Elia stuurt hem daarop een brief met de boodschap dat God hem zeer
zwaar zou treffen omwille van zijn goddeloosheid.
Achazja wordt koning van Juda (2
Kronieken 22:1-7)
Toen maakten de inwoners van Jeruzalem Achazja, zijn jongste zoon,
koning in zijn plaats, want een roverbende die met de Arabieren in
de legerplaats gekomen was, had al de ouderen gedood. Zo werd
Achazja, de zoon van Joram, de koning van Juda, koning. Achazja was
tweeenveertig jaar oud, toen hij koning werd, en hij regeerde een
jaar te Jeruzalem. Zijn moeder heette Atalja; zij was de
kleindochter van Omri. Ook hij wandelde in de wegen van het huis van
Achab, want zijn moeder verleidde hem door haar raadgevingen tot
goddeloze daden. “Hij deed wat kwaad is
in de ogen des Heren, evenals de leden van het huis van Achab, want
zij waren zijn raadgevers, na de dood van zijn vader, tot zijn eigen
verderf” 2 Kronieken 22:4. Ook ging hij op hun raad heen en
trok met Joram, de zoon van Achab, de koning van Israel, op en
streed tegen Hazael, de koning van Aram, bij Ramot in Gilead. Maar
de Arameeers verwondden Joram. Dus keerde hij terug, om te Jizreel
genezing te zoeken voor de wonden die zij hem bij Rama hadden
toegebracht, toen hij streed tegen Hazael, de koning van Aram. En
Achazja, de zoon van Joram, de koning van Juda, kwam Joram, de zoon
van Achab, in Jizreel bezoeken, want hij lag ziek. Dat Achazja naar
Joram kwam, werd echter door Gods beschikking zijn ondergang, want
toen hij daar gekomen was, gingen Joram en hij Jehu, de zoon van
Nimsi, tegemoet, die de Here gezalfd had om het huis van Achab uit
te roeien.
We zagen eerder al dat de
jongeste zoon Joachaz alleen was overgebleven na de inval van de
Filistijnen en de Arabieren.
Nu worden we verteld dat
Joachaz (of anders gezegd Achazja) op tweeënveertig jarige leeftijd
koning over Juda wordt in de plaats van Joram. Zijn moeder was
Atalja, de dochter van Achab en Izebel. Atalja had niet alleen haar
man Joram verleid tot goddeloosheid, maar deed hetzelfde met haar
jongste zoon. Ze gaf hem raad om goddeloos te handelen. Omdat
Achazja leden van het huis van Achab tot raadgevers had, wandelde
hij ook in hun goddeloze wegen tot zijn eigen verderf. Hij was zelf
verantwoordelijk voor de keuzes die hij maakte.

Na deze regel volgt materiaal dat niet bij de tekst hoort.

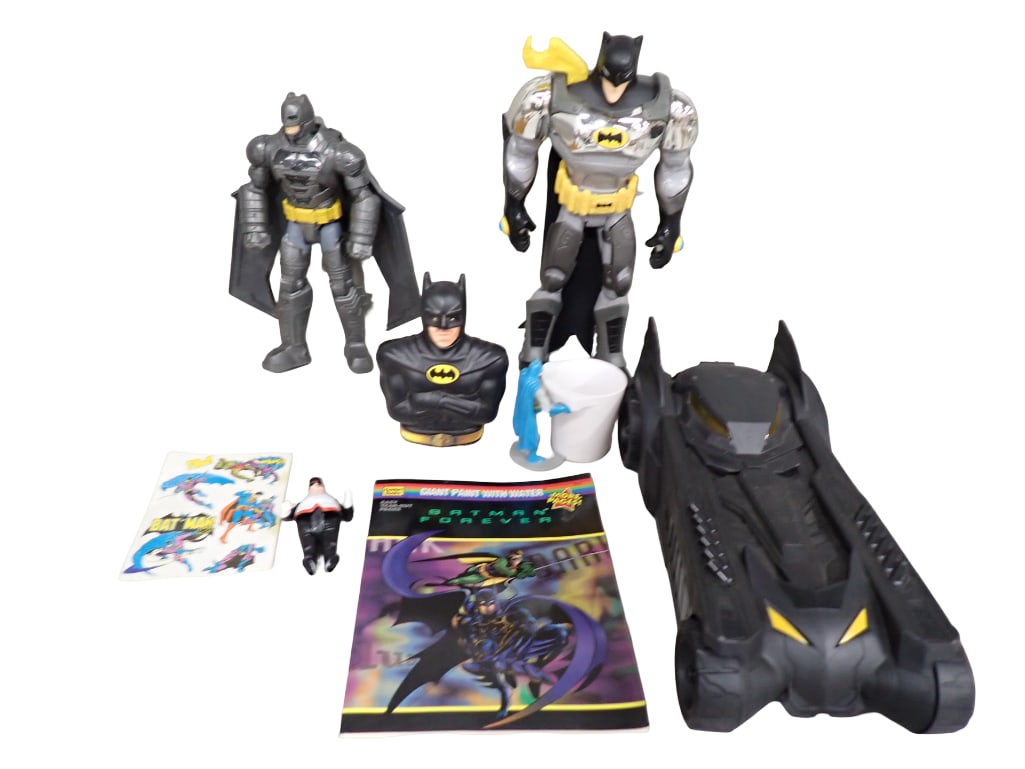 Batman Lot incl Batman Figures, Batmobile Car, Batman Forever Giant Paint with Water Book, Etc (1 of 11)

Op hun advies ging hij naar Joram van Israel, zijn onkel, en streed
samen met hem tegen Hazael, koning van Aram, te Ramot in Gilead.

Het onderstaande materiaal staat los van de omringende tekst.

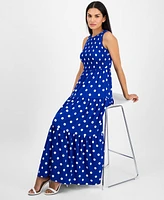 Anne Klein Women's Printed Smocked Tiered Maxi Dress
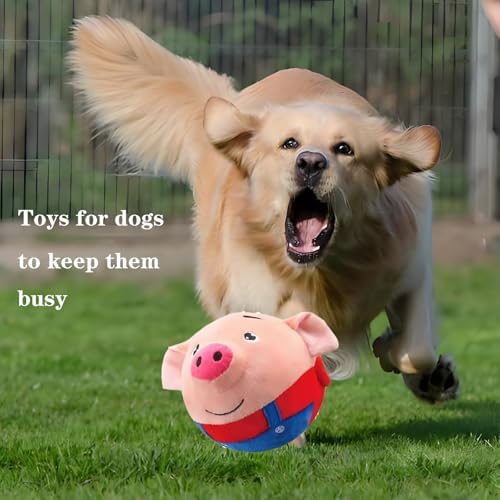 Interactive Dog Toys, Active Moving Pet Plush Toy, Squeaky Dog Ball Toy with Recording Sound, Cute Cartoon Design for Small Medium Large Dogs, Durable & Washable Interactive Plaything (Red Pig)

Deze plaats was van strategisch belang voor het noordelijke rijk. We
herinneren ons nog hoe Achab ook tegen de Arameeërs had gestreden op
dezelfde plaats samen
met Josafat (1 Koningen 22:1-38). Nu is het zijn zoon Joram die met
de kleinzoon van Josafat strijdt tegen de koning van Aram. In deze
strijd werd Joram van Israel verwond waarop hij terugkeerde naar
Jizreel om te genezen. Waarschijnlijk omdat zijn moeder Izebel daar
was (2 Koningen 9:30). Achazja kwam Joram daar opzoeken. Deze
gebeurtenissen werden door God gebruikt om straf uit te oefenen over
de goddeloosheid van het huis van Achab. Hoe dit plan van God zich
verder ontwikkelt zien we in de 2 Koningen 9.
Jehu wordt koning van Israel
(2 Koningen 9:1-15)
De profeet Elisa riep een van de profeten en zeide tot hem: Gord uw
lendenen, neem deze oliekruik met u en ga naar Ramot in Gilead.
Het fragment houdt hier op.